There is a marked difference between the mushrooms raised from the French flake spawn and those from the English brick spawn, but he has never observed any distinct varieties from the same kind of spawn. Sometimes a few mushrooms will appear that are somewhat differently formed from those of the general crop, but this he regards as the result of cultural conditions rather than of true varietal differences.

His last year's bed began bearing early in November, and continued to bear a good crop until the first of May. After that time, no matter what the crop may be, the mushrooms become so infested with maggots as to be perfectly worthless, and they are cleared out. It is on account of the large body of manure in the bed, and the low, genial, and equable temperature of the cellar that the beds in this house always continue so long in good cropping condition.

Some years ago the mushrooms were not gathered till their heads had opened out flat, but nowadays the marketmen like to get them when they are quite young and before the skin of the frill between the cup and the stem has broken apart.

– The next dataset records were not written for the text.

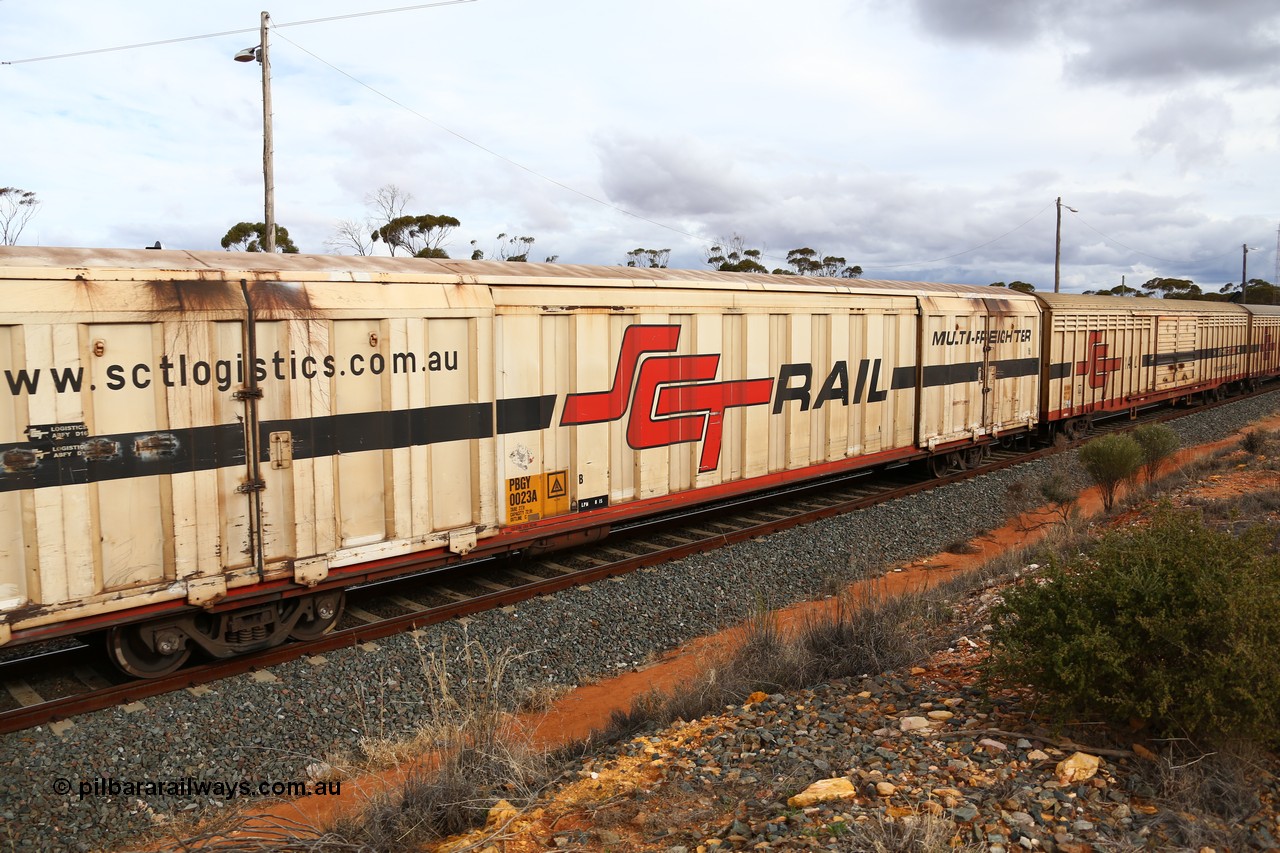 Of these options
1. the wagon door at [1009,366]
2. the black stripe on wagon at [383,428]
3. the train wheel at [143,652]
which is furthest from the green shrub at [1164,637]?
the wagon door at [1009,366]

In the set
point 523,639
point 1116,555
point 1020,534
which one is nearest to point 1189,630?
point 1116,555

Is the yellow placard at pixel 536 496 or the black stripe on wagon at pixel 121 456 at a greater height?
the black stripe on wagon at pixel 121 456

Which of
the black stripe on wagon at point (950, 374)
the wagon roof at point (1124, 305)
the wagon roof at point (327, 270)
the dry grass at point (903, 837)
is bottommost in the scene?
the dry grass at point (903, 837)

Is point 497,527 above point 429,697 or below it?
above

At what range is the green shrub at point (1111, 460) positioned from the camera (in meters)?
13.2

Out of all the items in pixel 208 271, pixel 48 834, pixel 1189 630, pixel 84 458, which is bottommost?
pixel 48 834

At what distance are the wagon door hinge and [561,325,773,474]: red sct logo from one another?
327cm

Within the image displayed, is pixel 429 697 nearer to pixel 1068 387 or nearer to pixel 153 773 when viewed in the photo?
pixel 153 773

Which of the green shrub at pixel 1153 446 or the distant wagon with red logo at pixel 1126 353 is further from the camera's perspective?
the distant wagon with red logo at pixel 1126 353

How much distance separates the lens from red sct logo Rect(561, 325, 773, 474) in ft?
31.6

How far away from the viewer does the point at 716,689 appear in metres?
6.04

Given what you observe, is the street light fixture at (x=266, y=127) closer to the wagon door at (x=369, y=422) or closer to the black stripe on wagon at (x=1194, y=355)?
the wagon door at (x=369, y=422)

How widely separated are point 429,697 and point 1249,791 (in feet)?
17.7

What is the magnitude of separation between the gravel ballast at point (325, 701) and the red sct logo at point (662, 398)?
156 centimetres
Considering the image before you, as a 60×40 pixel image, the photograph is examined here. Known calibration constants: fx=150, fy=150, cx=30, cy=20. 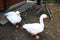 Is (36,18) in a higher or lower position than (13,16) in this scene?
lower

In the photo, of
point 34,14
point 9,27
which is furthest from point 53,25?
point 9,27

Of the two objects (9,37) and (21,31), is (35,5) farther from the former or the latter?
(9,37)

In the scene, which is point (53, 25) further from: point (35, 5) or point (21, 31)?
point (35, 5)

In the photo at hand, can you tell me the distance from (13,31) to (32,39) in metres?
0.41

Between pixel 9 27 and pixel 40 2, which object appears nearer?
pixel 9 27

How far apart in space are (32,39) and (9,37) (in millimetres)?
379

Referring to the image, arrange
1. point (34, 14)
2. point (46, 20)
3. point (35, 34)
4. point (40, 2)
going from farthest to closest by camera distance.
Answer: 1. point (40, 2)
2. point (34, 14)
3. point (46, 20)
4. point (35, 34)

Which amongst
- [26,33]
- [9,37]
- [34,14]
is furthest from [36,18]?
[9,37]

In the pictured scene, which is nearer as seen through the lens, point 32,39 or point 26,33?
point 32,39

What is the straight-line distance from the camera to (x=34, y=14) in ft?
10.6

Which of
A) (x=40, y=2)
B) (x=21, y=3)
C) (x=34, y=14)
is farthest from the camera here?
(x=40, y=2)

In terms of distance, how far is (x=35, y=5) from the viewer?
3.73m

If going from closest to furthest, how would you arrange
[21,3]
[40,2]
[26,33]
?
[26,33], [21,3], [40,2]

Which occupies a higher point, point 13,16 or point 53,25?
point 13,16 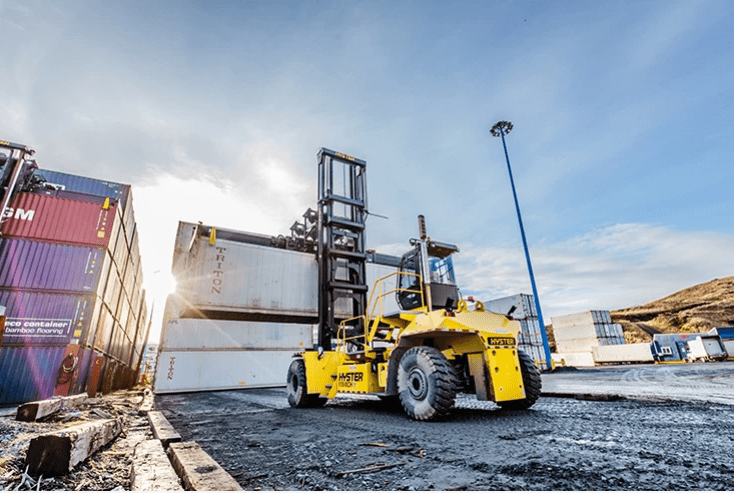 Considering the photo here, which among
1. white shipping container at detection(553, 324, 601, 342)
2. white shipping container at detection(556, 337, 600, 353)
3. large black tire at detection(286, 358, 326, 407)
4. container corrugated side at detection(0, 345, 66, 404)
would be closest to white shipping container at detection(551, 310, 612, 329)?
white shipping container at detection(553, 324, 601, 342)

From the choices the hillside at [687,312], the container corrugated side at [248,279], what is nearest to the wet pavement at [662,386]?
the container corrugated side at [248,279]

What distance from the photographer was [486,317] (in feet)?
15.5

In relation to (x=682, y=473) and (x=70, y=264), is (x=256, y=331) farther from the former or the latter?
(x=682, y=473)

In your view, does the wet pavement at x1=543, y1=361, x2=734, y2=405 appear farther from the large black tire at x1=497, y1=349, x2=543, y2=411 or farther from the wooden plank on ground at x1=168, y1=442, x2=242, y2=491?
the wooden plank on ground at x1=168, y1=442, x2=242, y2=491

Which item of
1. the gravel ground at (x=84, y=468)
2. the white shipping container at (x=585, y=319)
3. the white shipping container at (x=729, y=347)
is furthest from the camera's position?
the white shipping container at (x=585, y=319)

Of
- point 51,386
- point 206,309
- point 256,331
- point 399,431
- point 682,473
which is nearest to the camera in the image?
point 682,473

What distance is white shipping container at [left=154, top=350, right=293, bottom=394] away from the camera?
41.8ft

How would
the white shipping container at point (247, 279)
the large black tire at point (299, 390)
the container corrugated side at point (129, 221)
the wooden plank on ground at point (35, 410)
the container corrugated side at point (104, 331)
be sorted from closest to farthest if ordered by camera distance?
the wooden plank on ground at point (35, 410), the large black tire at point (299, 390), the white shipping container at point (247, 279), the container corrugated side at point (104, 331), the container corrugated side at point (129, 221)

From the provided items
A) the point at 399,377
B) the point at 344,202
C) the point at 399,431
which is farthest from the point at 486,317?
the point at 344,202

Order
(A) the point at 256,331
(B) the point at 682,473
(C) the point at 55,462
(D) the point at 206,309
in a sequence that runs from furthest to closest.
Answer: (A) the point at 256,331 → (D) the point at 206,309 → (C) the point at 55,462 → (B) the point at 682,473

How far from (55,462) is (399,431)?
2803mm

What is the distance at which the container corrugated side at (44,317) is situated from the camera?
10.2 meters

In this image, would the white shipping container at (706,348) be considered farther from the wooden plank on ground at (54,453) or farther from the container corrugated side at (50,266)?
the container corrugated side at (50,266)

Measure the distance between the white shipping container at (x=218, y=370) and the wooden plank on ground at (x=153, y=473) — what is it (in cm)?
1195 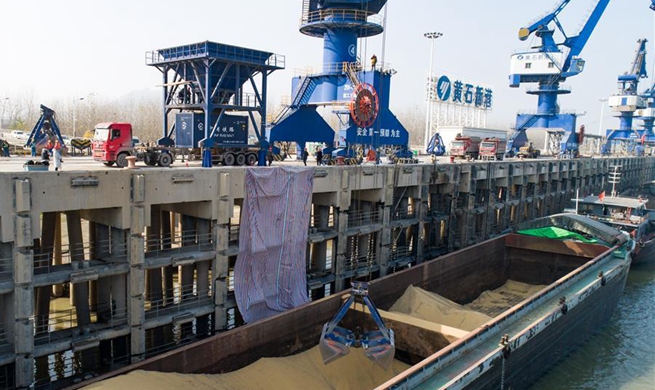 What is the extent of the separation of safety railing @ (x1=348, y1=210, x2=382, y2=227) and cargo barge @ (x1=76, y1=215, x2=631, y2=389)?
3.65 m

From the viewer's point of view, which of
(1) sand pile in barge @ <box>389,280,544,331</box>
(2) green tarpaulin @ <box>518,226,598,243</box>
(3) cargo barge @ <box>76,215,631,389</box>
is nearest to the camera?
(3) cargo barge @ <box>76,215,631,389</box>

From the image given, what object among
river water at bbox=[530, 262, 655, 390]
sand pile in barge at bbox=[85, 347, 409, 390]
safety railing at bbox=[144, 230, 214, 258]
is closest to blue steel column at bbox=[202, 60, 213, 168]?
safety railing at bbox=[144, 230, 214, 258]

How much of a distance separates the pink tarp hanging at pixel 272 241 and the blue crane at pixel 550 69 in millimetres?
53550

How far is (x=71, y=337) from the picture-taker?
14.9 m

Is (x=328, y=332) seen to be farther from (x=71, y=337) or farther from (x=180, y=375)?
(x=71, y=337)

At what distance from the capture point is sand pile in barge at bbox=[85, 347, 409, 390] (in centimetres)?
1326

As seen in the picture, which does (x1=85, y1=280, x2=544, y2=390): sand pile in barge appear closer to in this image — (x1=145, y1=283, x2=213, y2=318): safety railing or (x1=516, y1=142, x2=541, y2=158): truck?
(x1=145, y1=283, x2=213, y2=318): safety railing

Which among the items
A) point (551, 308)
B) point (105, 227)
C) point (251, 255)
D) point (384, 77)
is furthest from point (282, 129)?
point (551, 308)

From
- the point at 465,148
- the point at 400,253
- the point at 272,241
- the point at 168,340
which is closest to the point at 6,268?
the point at 168,340

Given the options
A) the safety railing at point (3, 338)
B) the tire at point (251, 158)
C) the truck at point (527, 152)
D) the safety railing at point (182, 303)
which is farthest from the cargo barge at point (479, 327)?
the truck at point (527, 152)

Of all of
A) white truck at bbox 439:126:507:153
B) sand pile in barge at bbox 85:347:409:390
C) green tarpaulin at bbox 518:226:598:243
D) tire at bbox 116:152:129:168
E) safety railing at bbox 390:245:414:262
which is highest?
white truck at bbox 439:126:507:153

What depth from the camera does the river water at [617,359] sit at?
20.9 metres

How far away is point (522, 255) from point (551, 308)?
1164 cm

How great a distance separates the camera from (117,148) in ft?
74.7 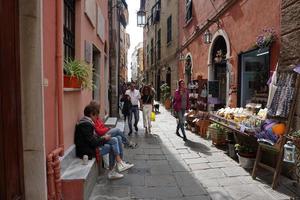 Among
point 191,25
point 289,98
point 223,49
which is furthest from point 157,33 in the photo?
point 289,98

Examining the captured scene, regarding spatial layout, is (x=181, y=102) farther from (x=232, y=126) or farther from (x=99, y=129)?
(x=99, y=129)

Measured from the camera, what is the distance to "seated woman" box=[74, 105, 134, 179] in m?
4.90

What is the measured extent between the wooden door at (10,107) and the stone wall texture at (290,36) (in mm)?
3893

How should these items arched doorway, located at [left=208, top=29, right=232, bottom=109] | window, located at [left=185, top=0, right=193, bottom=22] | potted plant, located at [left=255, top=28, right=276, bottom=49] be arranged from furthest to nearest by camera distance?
window, located at [left=185, top=0, right=193, bottom=22], arched doorway, located at [left=208, top=29, right=232, bottom=109], potted plant, located at [left=255, top=28, right=276, bottom=49]

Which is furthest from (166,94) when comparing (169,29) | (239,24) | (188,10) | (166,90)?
(239,24)

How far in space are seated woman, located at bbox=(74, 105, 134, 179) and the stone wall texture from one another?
2.77 meters

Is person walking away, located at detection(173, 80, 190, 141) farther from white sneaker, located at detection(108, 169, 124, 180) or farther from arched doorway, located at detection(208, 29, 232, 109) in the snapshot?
white sneaker, located at detection(108, 169, 124, 180)

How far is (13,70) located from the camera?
10.1ft

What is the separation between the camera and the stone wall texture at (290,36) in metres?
5.22

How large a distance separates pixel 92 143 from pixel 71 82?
907 mm

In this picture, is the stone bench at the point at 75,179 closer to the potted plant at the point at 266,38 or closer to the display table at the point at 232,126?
the display table at the point at 232,126

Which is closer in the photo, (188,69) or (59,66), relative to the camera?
(59,66)

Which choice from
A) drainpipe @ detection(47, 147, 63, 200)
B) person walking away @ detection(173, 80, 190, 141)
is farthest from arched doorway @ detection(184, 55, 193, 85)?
drainpipe @ detection(47, 147, 63, 200)

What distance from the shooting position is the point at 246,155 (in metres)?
6.08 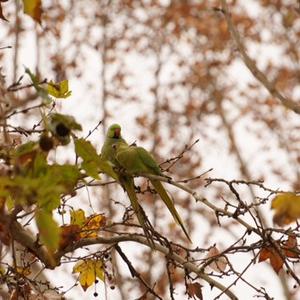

A good market is found in New York, Philadelphia and Boston.

Mr. Denton's Method.—Mr. W. H. Denton, of Woodhaven, L. I., is an extensive market gardener about ten miles from New York. During the summer months he grows outdoor vegetables for the New York and Brooklyn markets, and in winter mushrooms in cellars. He has no greenhouses. Under his barns he has two large cellars which he devotes entirely to mushroom-growing in winter. The cellars are seven and one-half feet high inside; the beds five feet wide, nine inches deep, two feet apart, and run parallel to one another the whole length of the cellar. The beds are three deep, that is, one bed is made upon the floor, and the other two, rack or shelf fashion, are made above the floor bed, and two and one-half feet apart from the bottom of the one bed to the bottom of the one above it. The shelves altogether are temporary structures built of ordinary rough scantling and hemlock boards, and the beds are all one board deep.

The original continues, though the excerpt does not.